Did you know that every piece of plastic ever made is reported to still exist to this day? Plastic is just indestructible. To make matters even worse, if we continue to pollute our oceans with plastic waste, it’s estimated that by 2050 there will be more plastic floating about than fish – an unbelievable amount of eight million tonnes of plastic waste is already in our waters. A sobering thought for the not too-distant future.

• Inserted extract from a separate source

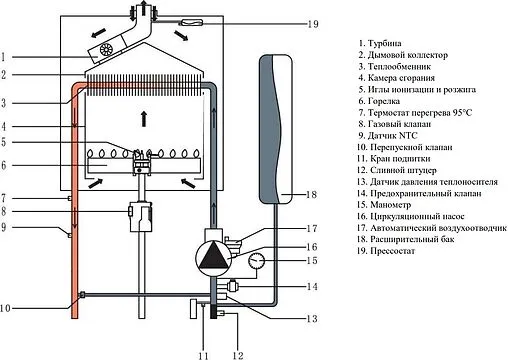 Настенный газовый котел одноконтурный турбированный 44кВт Mizudo GB M44ТL БП-00001485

Here are the 7 things you might now know:

  • Not all plastic is recyclable – straws, coffee cups and bubble-wrap are some that can’t be.
  • Not all plastics are equal - would you believe there are 7 different types?
  • Coffee cups aren’t recyclable – it might seem like paper – which it is - but there is a thin coating of plastic inside, which is almost impossible to separate without special machinery.
  • You can’t recycle dirty plastic – so take a minute to rinse it if you can.
  • Every time you recycle plastic it downgrades – the polymer chain shortens. It can only be used two or three times.
  • Glass and metal can be used indefinitely – so in reality it makes more sense to buy the bottled or canned version of your drink!
  • If you’re not sure if its plastic or paper – sometimes you get an ‘everything else’ category choice while ditching stuff, so next time you use a plastic product, flip it over and check the bottom. If you see #7 in the centre of a three-arrowed triangle, you have no way of knowing for certain whether its recyclable or non-recyclable (apparently even plastics industry people and recyclers can’t tell sometimes).

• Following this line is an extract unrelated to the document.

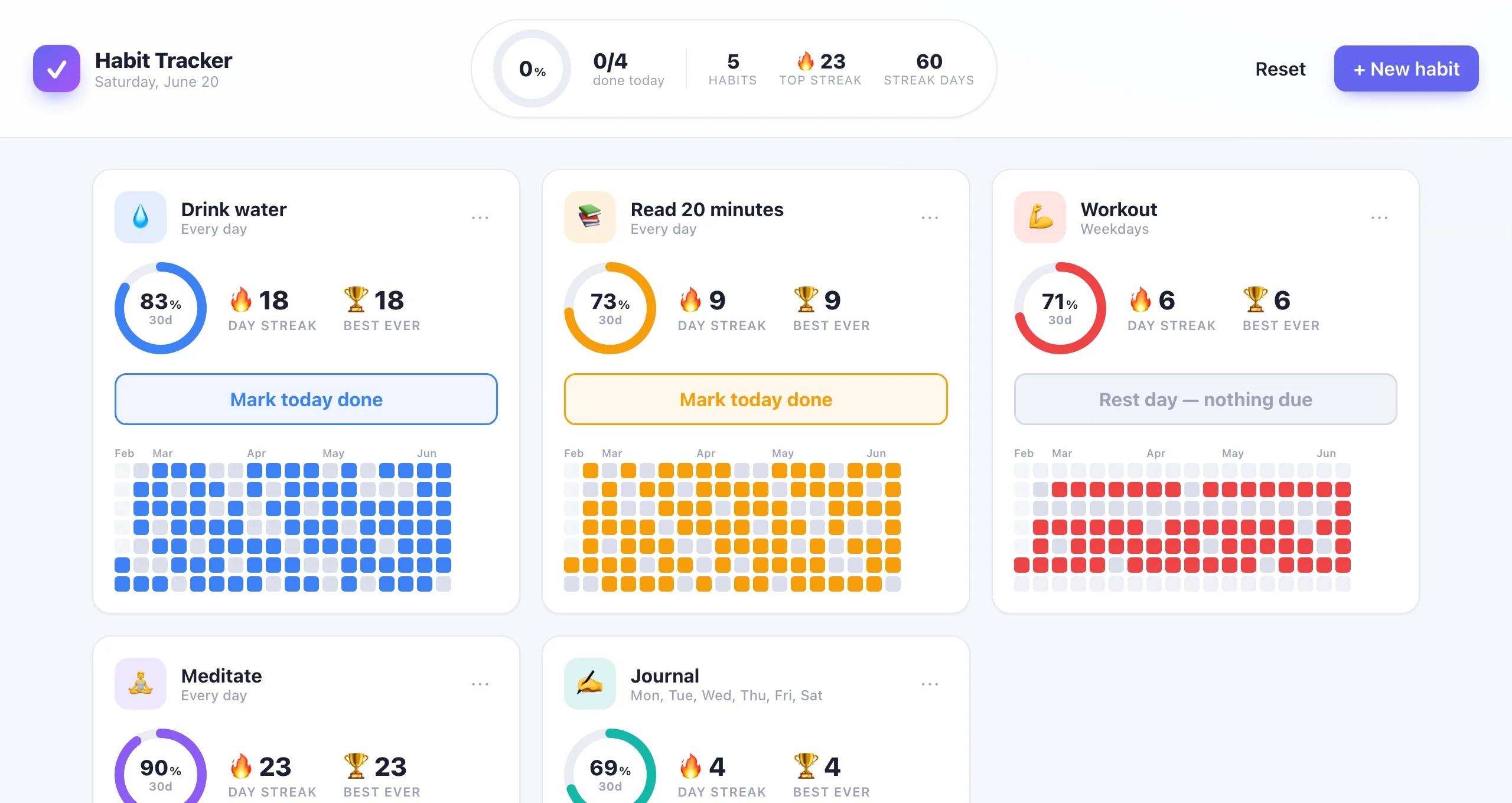 Interactive Habit Tracker — an overview ring plus habit cards for Drink water, Read 20 minutes, and Workout, each with a 30-day completion ring, day and best streaks, a Mark today done button, and a colour-coded contribution heatmap; on a Saturday the Weekdays Workout card reads ‘Rest day — nothing due’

I read recently that many world-renowned fashion designers have come up with the idea of using recycled plastic to make fashionable clothing, so believe it or not, the future of fashion may lean towards going totally green. Sewing sustainable clothes to help save the planet is a trend that may conquer all runways, and here is how it all functions.

Basically, the bottles are broken down into small flakes, then those flakes are melted a couple of times, filtered and spun into threads.

Later, those threads can be used in the textile industry, anything from swimwear to running socks. Filler for sleeping bags is from recycled water-bottles, and some cosy fleece jackets are woven from recycled plastic.

I had an amazing present yesterday, it was a pair of slippers (I am going through slippers like nobody’s business since lockdown!) that are made from recycled plastic, taking 8 recycled bottles for the uppers, and the durable hard soles are made from castor beans! Who knew about this level of recycling? They have the appearance of thick felt with a hard sole, and are really comfortable.

Apparently it takes about 10 bottles to make enough plastic fibre to make a t-shirt, and 63 bottles to make a sweater (I admit I haven’t knowingly come across either of these yet!). I read that it takes only
14 bottles to create enough insulation for a ski jacket and 114 bottles to make enough insulation for a sleeping bag.

So who knows - if you keep recycling, and the next item of clothing you buy could be made from your own recycled water bottles!